• AVAILABLE DATA

**********

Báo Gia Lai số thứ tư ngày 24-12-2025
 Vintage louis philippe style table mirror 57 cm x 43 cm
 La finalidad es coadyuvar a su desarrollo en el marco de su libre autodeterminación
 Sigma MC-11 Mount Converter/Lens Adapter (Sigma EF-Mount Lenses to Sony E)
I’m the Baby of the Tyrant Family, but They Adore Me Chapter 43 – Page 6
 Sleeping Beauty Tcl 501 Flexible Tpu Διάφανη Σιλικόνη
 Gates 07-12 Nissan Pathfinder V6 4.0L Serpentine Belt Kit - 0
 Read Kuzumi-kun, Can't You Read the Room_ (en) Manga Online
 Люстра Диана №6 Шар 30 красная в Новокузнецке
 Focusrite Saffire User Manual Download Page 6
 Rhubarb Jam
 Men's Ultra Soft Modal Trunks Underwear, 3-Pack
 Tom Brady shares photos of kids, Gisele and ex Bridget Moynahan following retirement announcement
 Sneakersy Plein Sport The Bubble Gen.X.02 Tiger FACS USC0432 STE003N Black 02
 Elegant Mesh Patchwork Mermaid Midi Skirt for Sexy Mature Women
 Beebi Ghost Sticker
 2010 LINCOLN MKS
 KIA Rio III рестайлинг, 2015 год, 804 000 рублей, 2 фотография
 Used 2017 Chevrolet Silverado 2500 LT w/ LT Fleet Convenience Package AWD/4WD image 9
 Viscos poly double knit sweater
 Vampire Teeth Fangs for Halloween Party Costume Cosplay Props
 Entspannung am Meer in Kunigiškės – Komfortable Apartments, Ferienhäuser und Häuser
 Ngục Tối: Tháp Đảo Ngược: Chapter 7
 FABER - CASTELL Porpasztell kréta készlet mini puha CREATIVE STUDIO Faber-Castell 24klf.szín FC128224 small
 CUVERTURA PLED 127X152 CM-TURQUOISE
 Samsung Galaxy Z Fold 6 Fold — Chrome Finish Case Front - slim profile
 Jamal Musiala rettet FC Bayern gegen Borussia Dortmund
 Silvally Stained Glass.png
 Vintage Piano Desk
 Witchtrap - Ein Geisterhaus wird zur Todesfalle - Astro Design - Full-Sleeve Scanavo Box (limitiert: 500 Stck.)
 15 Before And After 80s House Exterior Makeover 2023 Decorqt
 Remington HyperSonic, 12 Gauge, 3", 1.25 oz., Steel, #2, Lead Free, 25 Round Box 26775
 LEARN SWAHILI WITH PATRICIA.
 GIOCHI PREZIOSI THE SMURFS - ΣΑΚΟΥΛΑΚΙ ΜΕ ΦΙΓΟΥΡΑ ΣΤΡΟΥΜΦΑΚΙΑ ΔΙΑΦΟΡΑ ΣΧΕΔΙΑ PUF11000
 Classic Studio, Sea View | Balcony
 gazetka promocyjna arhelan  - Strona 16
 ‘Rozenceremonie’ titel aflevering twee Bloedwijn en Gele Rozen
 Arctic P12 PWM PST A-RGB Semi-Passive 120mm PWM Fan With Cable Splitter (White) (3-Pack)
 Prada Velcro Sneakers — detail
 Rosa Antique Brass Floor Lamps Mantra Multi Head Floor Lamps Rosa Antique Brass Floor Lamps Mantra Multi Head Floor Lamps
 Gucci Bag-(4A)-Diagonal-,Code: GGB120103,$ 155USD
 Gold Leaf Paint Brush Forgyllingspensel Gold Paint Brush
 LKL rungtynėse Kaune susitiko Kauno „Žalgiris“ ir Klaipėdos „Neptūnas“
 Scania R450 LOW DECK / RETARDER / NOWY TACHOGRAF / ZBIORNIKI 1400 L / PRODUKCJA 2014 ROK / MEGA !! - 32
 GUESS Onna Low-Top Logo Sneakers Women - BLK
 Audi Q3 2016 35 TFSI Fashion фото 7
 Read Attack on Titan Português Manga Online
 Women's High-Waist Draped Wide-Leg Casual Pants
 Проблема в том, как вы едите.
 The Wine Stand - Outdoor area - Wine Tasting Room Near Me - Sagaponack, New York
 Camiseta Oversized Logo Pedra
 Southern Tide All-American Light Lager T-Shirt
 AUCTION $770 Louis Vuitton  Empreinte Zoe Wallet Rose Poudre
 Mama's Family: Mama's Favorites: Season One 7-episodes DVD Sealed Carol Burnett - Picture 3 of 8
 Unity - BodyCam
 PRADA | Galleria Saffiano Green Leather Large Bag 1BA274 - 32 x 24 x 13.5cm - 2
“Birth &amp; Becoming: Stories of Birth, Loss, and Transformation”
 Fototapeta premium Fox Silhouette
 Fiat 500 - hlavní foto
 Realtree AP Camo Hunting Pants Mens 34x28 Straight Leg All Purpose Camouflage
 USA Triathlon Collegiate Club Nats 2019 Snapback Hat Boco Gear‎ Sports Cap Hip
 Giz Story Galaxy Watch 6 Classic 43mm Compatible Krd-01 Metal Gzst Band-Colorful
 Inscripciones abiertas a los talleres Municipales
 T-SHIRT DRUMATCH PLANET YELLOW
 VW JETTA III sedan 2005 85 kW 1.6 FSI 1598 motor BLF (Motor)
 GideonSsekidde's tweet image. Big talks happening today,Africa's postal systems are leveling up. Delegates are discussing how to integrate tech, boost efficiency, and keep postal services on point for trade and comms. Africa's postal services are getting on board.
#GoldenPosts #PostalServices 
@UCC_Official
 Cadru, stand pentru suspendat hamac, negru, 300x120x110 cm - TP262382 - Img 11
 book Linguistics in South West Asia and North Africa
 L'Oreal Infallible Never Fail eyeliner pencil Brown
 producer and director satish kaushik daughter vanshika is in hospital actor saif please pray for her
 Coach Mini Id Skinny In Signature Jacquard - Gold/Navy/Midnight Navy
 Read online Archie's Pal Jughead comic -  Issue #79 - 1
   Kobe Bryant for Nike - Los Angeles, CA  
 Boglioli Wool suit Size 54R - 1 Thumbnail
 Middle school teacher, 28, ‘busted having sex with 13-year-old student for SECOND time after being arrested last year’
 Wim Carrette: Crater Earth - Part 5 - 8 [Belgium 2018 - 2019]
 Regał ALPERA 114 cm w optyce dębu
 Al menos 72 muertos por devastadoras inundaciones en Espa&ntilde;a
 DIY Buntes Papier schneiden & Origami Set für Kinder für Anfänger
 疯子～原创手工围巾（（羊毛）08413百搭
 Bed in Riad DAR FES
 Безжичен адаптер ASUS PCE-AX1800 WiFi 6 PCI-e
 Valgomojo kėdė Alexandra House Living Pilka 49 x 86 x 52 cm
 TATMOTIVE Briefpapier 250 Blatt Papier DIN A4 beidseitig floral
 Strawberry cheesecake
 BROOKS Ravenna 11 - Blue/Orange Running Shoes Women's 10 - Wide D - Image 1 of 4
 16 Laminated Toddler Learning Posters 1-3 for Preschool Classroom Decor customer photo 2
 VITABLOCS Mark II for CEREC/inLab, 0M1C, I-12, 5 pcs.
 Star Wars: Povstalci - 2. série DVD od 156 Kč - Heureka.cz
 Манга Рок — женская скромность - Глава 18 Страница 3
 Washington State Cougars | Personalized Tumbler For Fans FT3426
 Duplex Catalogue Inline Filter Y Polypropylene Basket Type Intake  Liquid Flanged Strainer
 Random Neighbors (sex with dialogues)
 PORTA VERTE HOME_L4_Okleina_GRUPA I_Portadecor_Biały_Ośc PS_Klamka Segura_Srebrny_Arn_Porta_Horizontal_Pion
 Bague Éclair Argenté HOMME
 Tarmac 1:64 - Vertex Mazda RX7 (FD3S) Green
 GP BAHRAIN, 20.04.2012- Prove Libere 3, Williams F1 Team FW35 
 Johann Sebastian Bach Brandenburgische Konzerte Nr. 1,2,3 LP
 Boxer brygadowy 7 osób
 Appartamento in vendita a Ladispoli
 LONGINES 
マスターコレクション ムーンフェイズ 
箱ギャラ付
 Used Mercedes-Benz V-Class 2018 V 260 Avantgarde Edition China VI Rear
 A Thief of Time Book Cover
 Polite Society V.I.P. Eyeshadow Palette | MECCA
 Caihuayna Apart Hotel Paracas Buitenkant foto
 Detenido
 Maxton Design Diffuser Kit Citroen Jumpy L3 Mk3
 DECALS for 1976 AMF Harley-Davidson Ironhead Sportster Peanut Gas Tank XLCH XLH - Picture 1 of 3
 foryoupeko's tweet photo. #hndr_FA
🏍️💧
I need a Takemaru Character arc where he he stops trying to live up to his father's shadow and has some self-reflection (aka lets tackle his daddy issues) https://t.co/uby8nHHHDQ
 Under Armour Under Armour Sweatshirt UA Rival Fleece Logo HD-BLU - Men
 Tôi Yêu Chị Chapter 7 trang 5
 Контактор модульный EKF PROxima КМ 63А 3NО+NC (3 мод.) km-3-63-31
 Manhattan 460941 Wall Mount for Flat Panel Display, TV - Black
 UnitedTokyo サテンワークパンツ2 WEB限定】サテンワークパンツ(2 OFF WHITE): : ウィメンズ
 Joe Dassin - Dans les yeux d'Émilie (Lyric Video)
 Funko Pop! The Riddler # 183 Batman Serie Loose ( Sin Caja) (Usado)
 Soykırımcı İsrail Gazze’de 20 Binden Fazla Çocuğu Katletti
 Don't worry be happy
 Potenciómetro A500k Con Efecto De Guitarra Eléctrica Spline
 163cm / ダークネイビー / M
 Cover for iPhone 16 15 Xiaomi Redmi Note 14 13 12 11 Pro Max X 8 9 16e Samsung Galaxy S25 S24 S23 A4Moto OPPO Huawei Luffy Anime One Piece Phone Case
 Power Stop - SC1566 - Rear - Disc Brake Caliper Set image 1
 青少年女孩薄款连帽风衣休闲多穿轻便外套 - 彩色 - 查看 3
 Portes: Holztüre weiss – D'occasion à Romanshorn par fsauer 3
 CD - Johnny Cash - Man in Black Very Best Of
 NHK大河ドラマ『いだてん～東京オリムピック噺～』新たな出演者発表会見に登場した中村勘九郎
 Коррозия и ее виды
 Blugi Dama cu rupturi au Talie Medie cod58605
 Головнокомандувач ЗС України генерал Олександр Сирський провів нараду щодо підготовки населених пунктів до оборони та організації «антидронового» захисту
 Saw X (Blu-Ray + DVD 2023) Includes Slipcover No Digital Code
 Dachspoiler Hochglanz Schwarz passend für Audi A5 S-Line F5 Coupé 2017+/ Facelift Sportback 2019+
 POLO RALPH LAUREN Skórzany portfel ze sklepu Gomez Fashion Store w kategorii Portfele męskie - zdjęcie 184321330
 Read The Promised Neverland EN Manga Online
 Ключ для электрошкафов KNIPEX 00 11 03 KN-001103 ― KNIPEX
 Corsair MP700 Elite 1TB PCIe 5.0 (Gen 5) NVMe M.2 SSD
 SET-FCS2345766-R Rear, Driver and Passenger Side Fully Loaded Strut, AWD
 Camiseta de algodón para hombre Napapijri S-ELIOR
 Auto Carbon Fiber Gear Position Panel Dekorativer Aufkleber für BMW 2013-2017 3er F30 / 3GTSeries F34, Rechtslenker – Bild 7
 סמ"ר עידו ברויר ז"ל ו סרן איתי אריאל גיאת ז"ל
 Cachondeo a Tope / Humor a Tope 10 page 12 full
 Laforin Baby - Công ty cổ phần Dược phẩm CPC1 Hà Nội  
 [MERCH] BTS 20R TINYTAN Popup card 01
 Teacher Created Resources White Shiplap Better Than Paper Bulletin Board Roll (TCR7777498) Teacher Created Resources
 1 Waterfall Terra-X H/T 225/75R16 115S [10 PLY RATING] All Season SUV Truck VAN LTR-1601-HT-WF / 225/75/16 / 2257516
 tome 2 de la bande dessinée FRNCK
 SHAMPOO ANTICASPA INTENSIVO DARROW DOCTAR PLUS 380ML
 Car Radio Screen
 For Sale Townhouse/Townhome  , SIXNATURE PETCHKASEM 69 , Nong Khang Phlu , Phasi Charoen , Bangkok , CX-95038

**********

• PROBLEM TO SOLVE
In the entries above, restate word for word the lines between the one holding "Fototapeta premium Fox Silhouette" and the one holding "16 Laminated Toddler", inclusive, and nothing besides.

• COMPLETED EXERCISE
 Fototapeta premium Fox Silhouette
 Fiat 500 - hlavní foto
 Realtree AP Camo Hunting Pants Mens 34x28 Straight Leg All Purpose Camouflage
 USA Triathlon Collegiate Club Nats 2019 Snapback Hat Boco Gear‎ Sports Cap Hip
 Giz Story Galaxy Watch 6 Classic 43mm Compatible Krd-01 Metal Gzst Band-Colorful
 Inscripciones abiertas a los talleres Municipales
 T-SHIRT DRUMATCH PLANET YELLOW
 VW JETTA III sedan 2005 85 kW 1.6 FSI 1598 motor BLF (Motor)
 GideonSsekidde's tweet image. Big talks happening today,Africa's postal systems are leveling up. Delegates are discussing how to integrate tech, boost efficiency, and keep postal services on point for trade and comms. Africa's postal services are getting on board.
#GoldenPosts #PostalServices 
@UCC_Official
 Cadru, stand pentru suspendat hamac, negru, 300x120x110 cm - TP262382 - Img 11
 book Linguistics in South West Asia and North Africa
 L'Oreal Infallible Never Fail eyeliner pencil Brown
 producer and director satish kaushik daughter vanshika is in hospital actor saif please pray for her
 Coach Mini Id Skinny In Signature Jacquard - Gold/Navy/Midnight Navy
 Read online Archie's Pal Jughead comic -  Issue #79 - 1
   Kobe Bryant for Nike - Los Angeles, CA  
 Boglioli Wool suit Size 54R - 1 Thumbnail
 Middle school teacher, 28, ‘busted having sex with 13-year-old student for SECOND time after being arrested last year’
 Wim Carrette: Crater Earth - Part 5 - 8 [Belgium 2018 - 2019]
 Regał ALPERA 114 cm w optyce dębu
 Al menos 72 muertos por devastadoras inundaciones en Espa&ntilde;a
 DIY Buntes Papier schneiden & Origami Set für Kinder für Anfänger
 疯子～原创手工围巾（（羊毛）08413百搭
 Bed in Riad DAR FES
 Безжичен адаптер ASUS PCE-AX1800 WiFi 6 PCI-e
 Valgomojo kėdė Alexandra House Living Pilka 49 x 86 x 52 cm
 TATMOTIVE Briefpapier 250 Blatt Papier DIN A4 beidseitig floral
 Strawberry cheesecake
 BROOKS Ravenna 11 - Blue/Orange Running Shoes Women's 10 - Wide D - Image 1 of 4
 16 Laminated Toddler Learning Posters 1-3 for Preschool Classroom Decor customer photo 2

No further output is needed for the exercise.